→ What to produce: Tally the lines below that contain the word "photo", then give the tally and nothing more.

(Records excerpted from a collection)
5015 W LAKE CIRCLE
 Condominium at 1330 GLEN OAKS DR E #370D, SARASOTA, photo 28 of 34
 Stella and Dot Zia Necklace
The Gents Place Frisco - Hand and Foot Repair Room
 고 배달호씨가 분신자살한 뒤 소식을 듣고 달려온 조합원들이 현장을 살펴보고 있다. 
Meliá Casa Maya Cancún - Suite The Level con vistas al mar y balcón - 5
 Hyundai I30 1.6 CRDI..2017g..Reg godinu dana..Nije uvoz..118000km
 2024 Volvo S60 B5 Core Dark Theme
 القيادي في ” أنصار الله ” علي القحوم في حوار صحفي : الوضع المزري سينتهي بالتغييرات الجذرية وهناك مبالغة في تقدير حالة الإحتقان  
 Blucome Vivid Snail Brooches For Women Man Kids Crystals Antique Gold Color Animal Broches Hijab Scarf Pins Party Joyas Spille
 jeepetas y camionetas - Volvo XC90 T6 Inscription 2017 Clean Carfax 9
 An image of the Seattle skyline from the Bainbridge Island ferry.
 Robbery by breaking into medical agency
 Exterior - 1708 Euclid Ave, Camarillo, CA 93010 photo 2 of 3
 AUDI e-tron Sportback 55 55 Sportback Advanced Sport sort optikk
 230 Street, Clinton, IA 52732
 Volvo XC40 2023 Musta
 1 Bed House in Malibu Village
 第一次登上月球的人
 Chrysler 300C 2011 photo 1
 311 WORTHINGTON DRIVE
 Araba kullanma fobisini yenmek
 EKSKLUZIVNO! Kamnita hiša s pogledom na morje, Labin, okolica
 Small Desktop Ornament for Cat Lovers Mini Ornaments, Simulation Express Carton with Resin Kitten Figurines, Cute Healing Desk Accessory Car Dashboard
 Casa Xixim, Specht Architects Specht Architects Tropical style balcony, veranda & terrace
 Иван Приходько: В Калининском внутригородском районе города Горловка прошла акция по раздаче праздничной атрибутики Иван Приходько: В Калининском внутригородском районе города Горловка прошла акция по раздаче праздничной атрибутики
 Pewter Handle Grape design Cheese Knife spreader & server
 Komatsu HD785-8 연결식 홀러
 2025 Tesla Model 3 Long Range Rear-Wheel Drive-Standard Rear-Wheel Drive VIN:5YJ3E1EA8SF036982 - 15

→ Result of the task: 3